7) Radio Free Albemuth
?This French cover likewise has got all kinds of mystical significance. Think about it: floating eye, Dick’s face in a crystal ball-type marble and an expression of gastric distress on his face. There is much Pepto in his future.
6) Valis (German Ed.)
?In this German edition of Valis, Dick uses people’s heads as the fabric for his amazing mono-color brown blazer. And there’s a baby in his forehead. I’d like to imagine that this is an accurate depiction of the ’70s counter-culture — all of it, all on one cover.
5) The Man Who Japed
?Dick absconds with the severed head of a statue on this French cover, the statue head covered in blood. God is dead. Long live Dick.
4) The Transmigration of Timothy Archer
?By the looks of this German edition of The Transmigration of Timothy Archer, there is a midget priest dressed all in purple with a Philip K. Dick head in his chest roaming around in outer space. He looks like a cross between Mr. Rogers’ Purple Panda, Quato and the Pope. Wasn’t this an Alejandro Jodorowsky music video concept at one point?
3) Time Out of Joint
?This Italian drawing of Dick imagines him as an otherworldly being that’s part-Orson Welles, part Egghead ala the Adam West Batman show and all fan of Chutes and Ladders. Except this is no ordinary game of Chutes and Ladders: it’s like the Rosetta Stone if it were a board game. That game probably sucks.
2) The Complete Stories of Philip K. Dick Volume 1: Beyond Lies the Wub
?At first glance, the Spanish cover of this short story collection recalls the Architect from the two Matrix movies we no longer speak of. Then you notice what’s really important about this picture: Philip K. Dick had guns. Big’ns.

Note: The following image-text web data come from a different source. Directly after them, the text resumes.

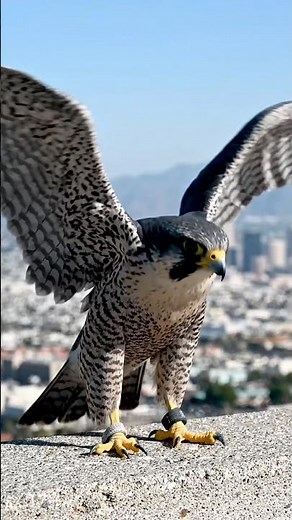 SanDiego’s peregrine falcon superstarDragon Lady fierce, fast, and ruling the skies🦅#eagle #foryou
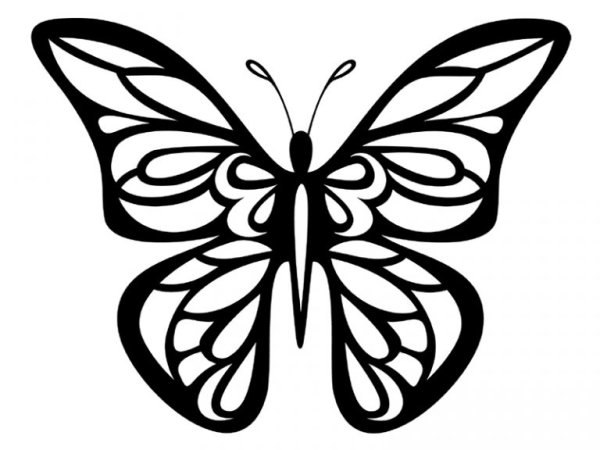 Черно белая симметричная бабочка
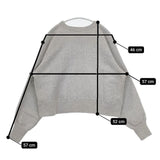 PHEENY Athletic Fleece Long Sleeve 定価26400円 裏起毛 トレーナー スウェット 23AW グレー レディース フィーニー【中古】6-0122T∞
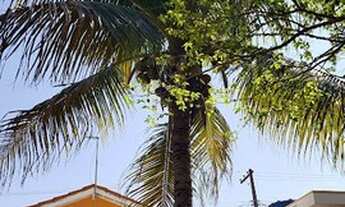 Imagem 5: Vendo Casa em Parapuã, com terreno de 675 m²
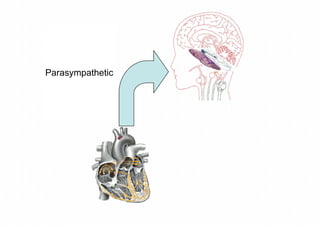 Julia Newton Presentation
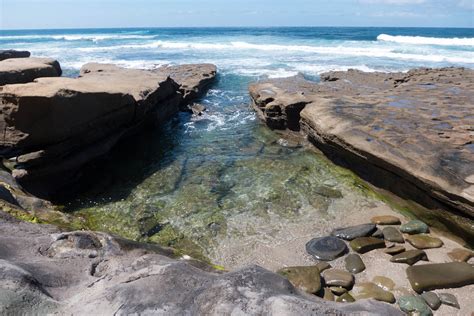 Complete Guide to the La Jolla Tide Pools | LaJolla.com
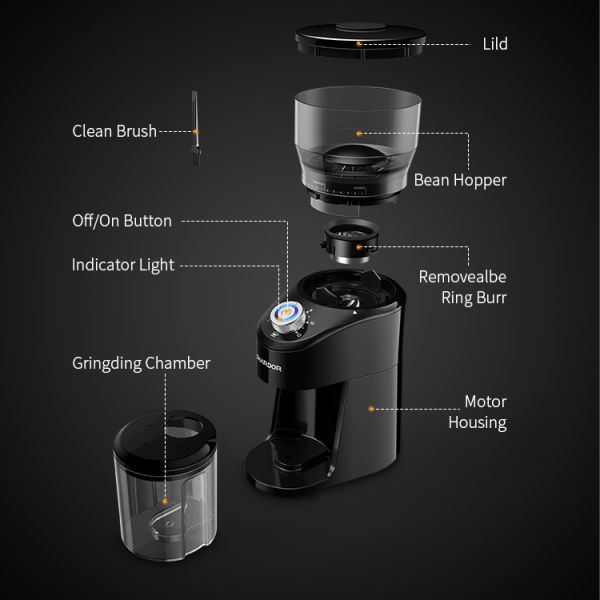 220 Volt Shardor Conical Burr Coffee Grinder 150W Stainless Steel with LED Light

1) Only Apparently Real: The World of Philip K. Dick
?Wouldn’t you like to imagine that if Dick constantly had weird Lovecraftian monsters sneaking in through his windows all the time, just like on the cover of Paul Williams’s (no, he has nothing to do with Tekken) biography of Dick? Here, the Old Gods and the New God meet and grapple for control of…a filing cabinet? Huh. Ok then. Also: is anybody else distracted by Dick’s huge, Ronald McDonald-sized feet in this pic? Sure, he’s drinking milk and is pretty much topless while taking some unidentified white pills and reading peacefully while a squid monster is breaking into his apartment. But damn it, the man has got huge feet. Wonder where he gets his shoes from.